*PROBLEM DETAILS*
Below is a listing. Quote from it, exactly, the lines from the one containing "Camiseta Polo del Ajax 2021-2022 Rojo Camiseta" down to the one containing "75G SOUPE AUX CRABES CUP NOODLES", both ends included, and nothing else.

*INPUT DATA*

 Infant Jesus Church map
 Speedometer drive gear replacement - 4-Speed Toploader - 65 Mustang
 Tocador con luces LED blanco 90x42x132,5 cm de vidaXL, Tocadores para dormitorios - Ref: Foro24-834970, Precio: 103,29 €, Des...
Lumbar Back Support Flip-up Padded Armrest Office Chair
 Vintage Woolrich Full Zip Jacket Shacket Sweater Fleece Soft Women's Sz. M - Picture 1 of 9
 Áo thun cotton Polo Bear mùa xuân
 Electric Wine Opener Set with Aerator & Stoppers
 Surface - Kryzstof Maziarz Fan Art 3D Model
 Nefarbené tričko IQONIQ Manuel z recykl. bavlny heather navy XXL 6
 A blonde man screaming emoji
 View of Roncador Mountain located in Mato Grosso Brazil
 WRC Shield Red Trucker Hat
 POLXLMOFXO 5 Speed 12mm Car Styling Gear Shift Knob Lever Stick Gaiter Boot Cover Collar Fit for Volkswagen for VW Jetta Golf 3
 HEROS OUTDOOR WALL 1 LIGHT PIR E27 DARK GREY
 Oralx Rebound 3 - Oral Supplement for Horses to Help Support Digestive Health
--
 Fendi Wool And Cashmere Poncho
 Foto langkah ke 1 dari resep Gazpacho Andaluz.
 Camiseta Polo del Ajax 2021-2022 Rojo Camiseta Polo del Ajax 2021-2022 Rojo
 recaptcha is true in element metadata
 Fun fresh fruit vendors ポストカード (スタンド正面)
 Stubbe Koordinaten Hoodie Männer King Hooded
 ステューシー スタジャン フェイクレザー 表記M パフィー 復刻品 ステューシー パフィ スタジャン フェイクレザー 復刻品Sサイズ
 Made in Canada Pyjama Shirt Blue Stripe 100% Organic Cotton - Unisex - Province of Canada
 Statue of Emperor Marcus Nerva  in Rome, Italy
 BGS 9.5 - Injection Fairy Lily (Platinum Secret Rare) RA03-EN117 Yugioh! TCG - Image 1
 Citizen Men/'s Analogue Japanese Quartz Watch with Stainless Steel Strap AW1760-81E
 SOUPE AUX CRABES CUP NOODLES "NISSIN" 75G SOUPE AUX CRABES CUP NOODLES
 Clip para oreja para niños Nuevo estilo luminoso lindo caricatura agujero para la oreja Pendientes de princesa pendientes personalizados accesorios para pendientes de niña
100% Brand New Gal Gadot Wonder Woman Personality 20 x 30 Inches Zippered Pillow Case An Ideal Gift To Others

*RESPONSE AREA*
 Camiseta Polo del Ajax 2021-2022 Rojo Camiseta Polo del Ajax 2021-2022 Rojo
 recaptcha is true in element metadata
 Fun fresh fruit vendors ポストカード (スタンド正面)
 Stubbe Koordinaten Hoodie Männer King Hooded
 ステューシー スタジャン フェイクレザー 表記M パフィー 復刻品 ステューシー パフィ スタジャン フェイクレザー 復刻品Sサイズ
 Made in Canada Pyjama Shirt Blue Stripe 100% Organic Cotton - Unisex - Province of Canada
 Statue of Emperor Marcus Nerva  in Rome, Italy
 BGS 9.5 - Injection Fairy Lily (Platinum Secret Rare) RA03-EN117 Yugioh! TCG - Image 1
 Citizen Men/'s Analogue Japanese Quartz Watch with Stainless Steel Strap AW1760-81E
 SOUPE AUX CRABES CUP NOODLES "NISSIN" 75G SOUPE AUX CRABES CUP NOODLES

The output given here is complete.